Start of Material shown

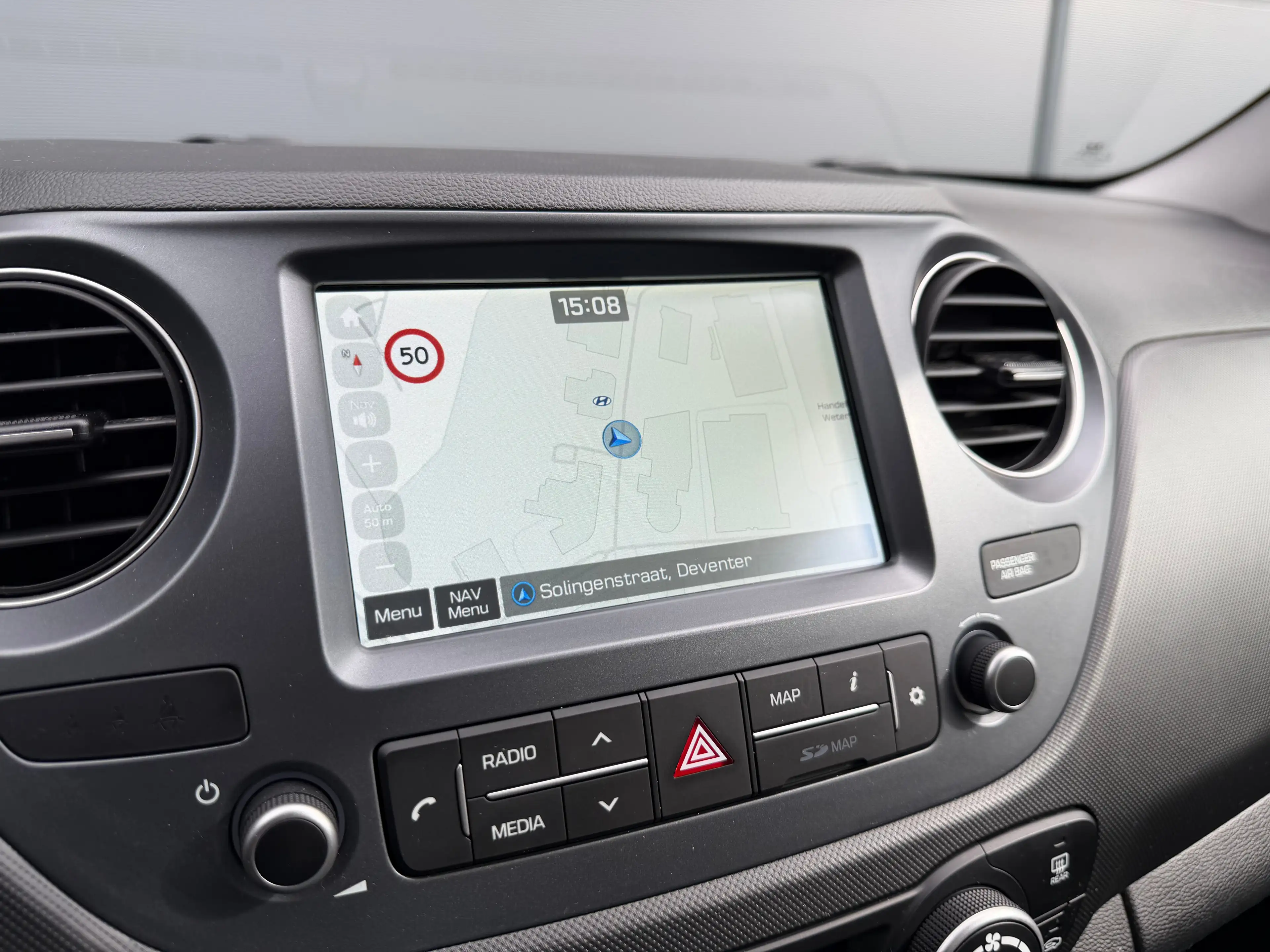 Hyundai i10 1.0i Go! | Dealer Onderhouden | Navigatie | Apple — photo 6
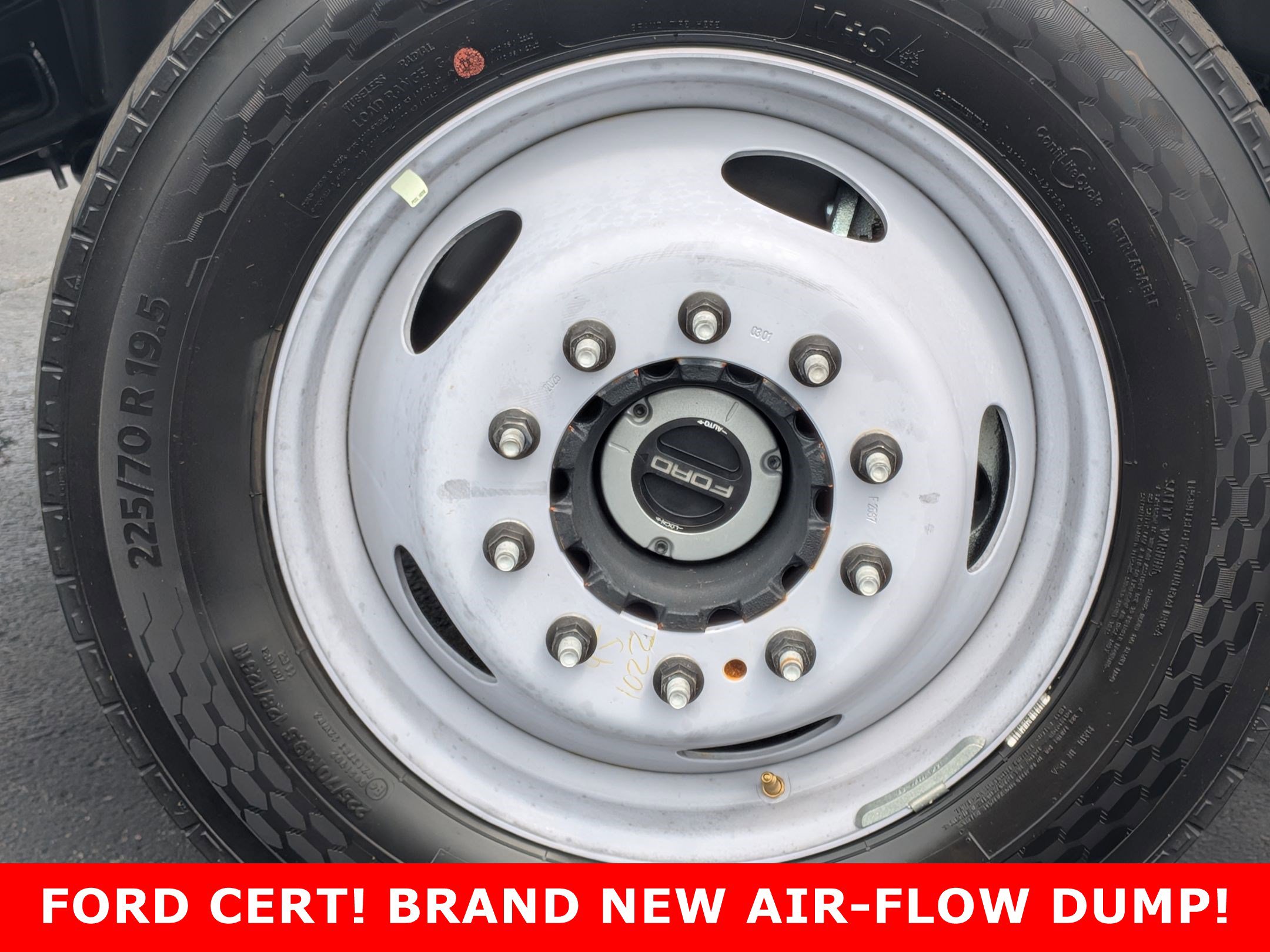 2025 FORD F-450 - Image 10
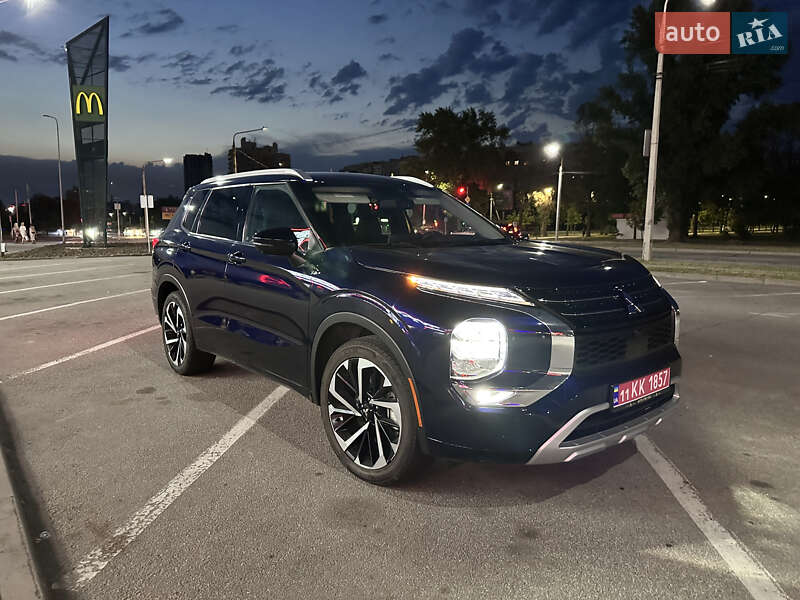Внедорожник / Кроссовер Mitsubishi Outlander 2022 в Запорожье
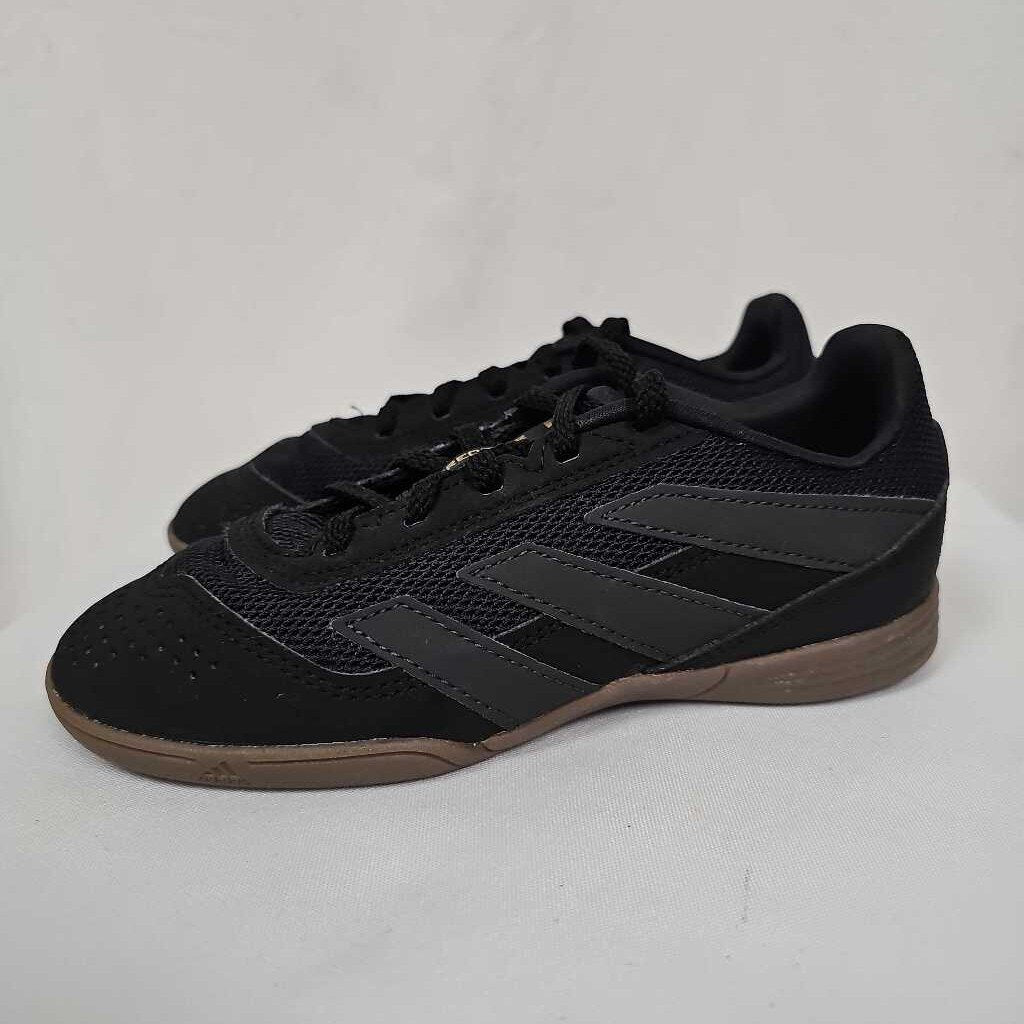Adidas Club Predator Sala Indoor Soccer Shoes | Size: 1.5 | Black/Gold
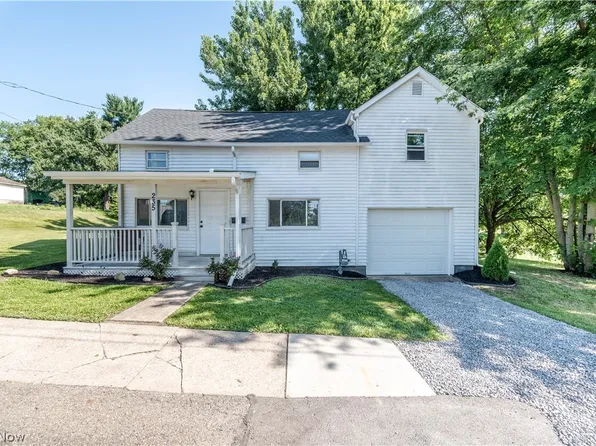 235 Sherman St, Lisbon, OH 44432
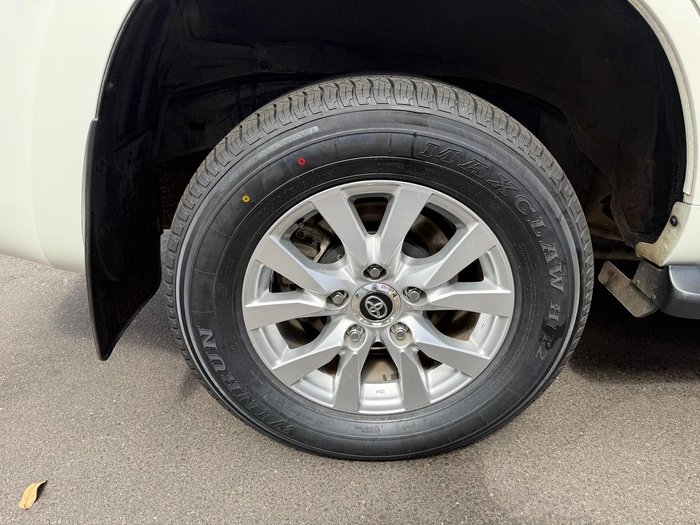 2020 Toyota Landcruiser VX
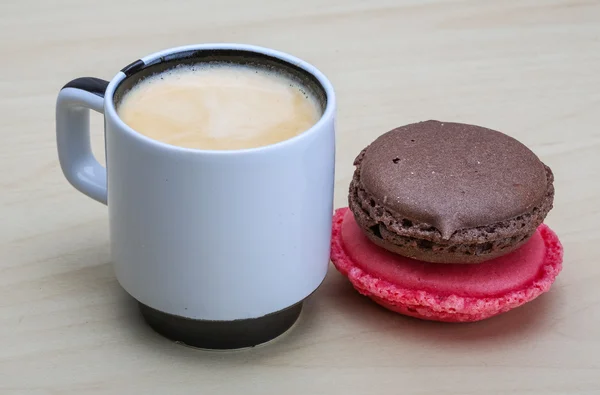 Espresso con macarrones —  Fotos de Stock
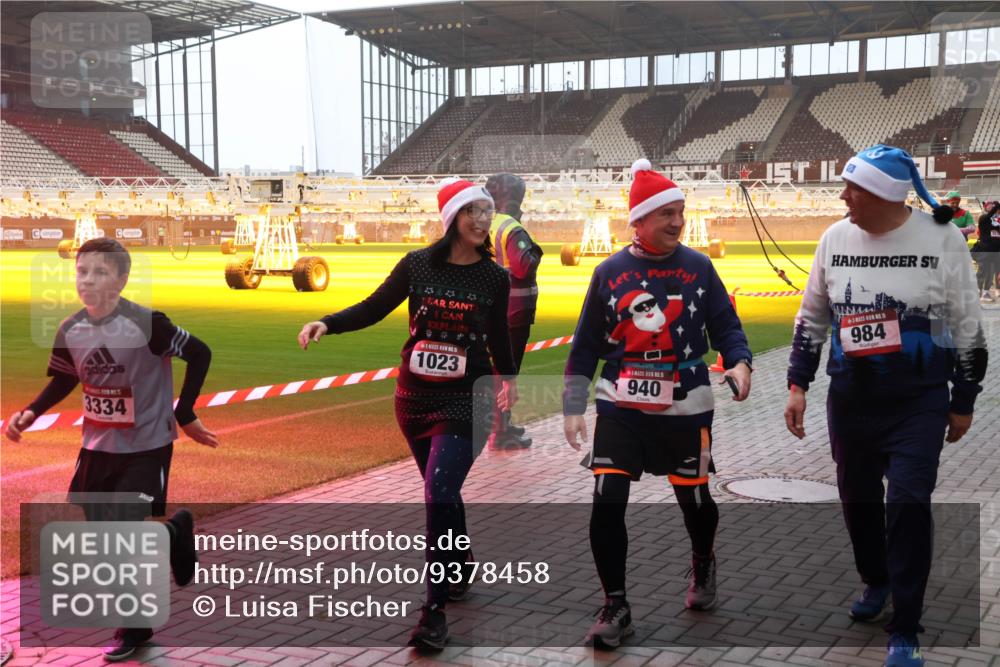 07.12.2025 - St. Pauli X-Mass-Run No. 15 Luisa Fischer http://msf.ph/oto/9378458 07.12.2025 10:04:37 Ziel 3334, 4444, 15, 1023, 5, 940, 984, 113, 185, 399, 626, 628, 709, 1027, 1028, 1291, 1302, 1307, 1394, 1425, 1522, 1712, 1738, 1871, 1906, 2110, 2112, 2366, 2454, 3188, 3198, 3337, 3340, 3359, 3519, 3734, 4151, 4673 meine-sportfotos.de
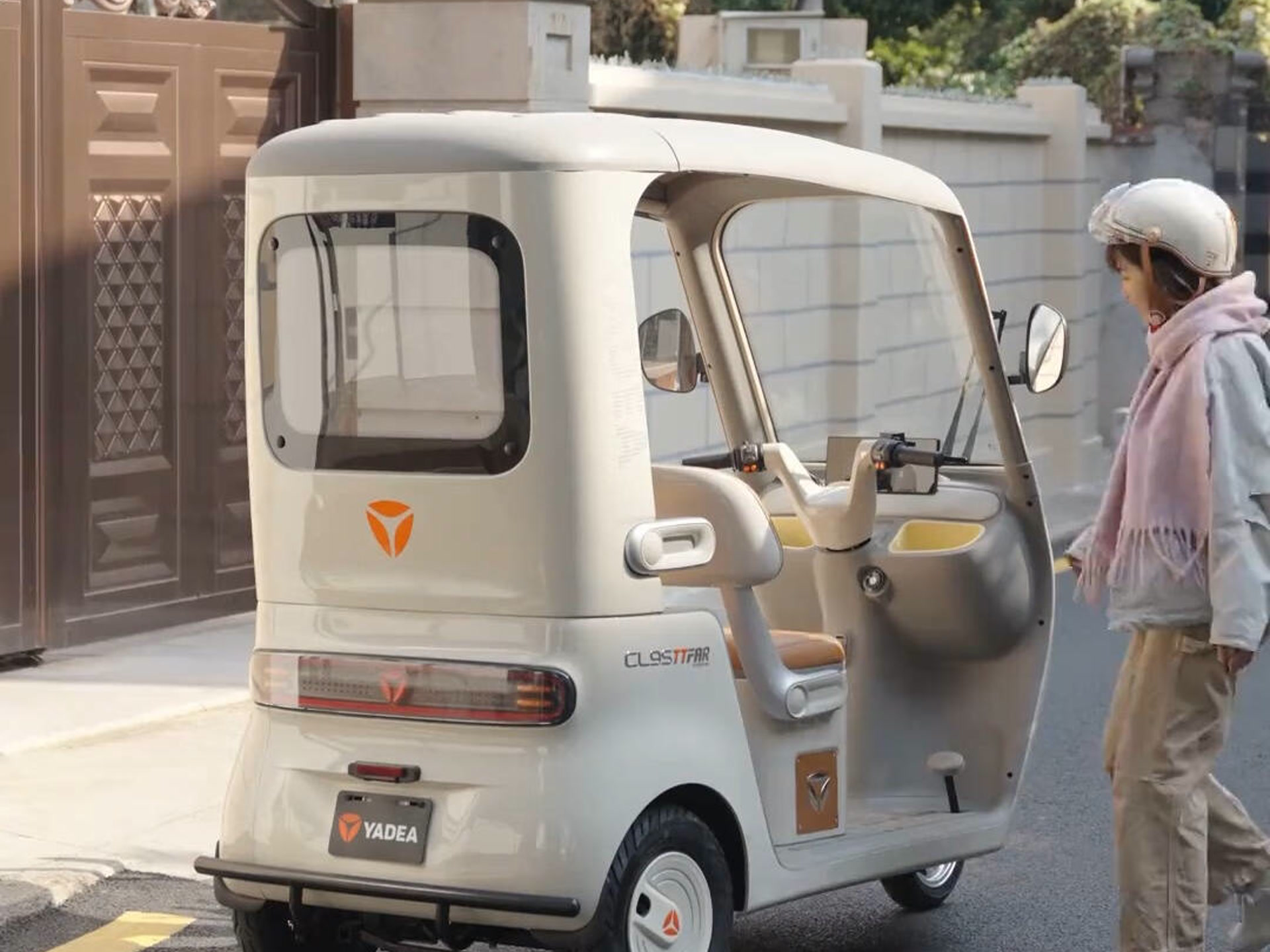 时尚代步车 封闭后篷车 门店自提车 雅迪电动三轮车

End of Material shown

=== Work to be completed ===
Copy exactly, and only, the lines running from the one containing "Espresso con macarrones" through the final line of the data, and omit the pictures.

=== Answer ===
 Espresso con macarrones —  Fotos de Stock
 07.12.2025 - St. Pauli X-Mass-Run No. 15 Luisa Fischer http://msf.ph/oto/9378458 07.12.2025 10:04:37 Ziel 3334, 4444, 15, 1023, 5, 940, 984, 113, 185, 399, 626, 628, 709, 1027, 1028, 1291, 1302, 1307, 1394, 1425, 1522, 1712, 1738, 1871, 1906, 2110, 2112, 2366, 2454, 3188, 3198, 3337, 3340, 3359, 3519, 3734, 4151, 4673 meine-sportfotos.de
 时尚代步车 封闭后篷车 门店自提车 雅迪电动三轮车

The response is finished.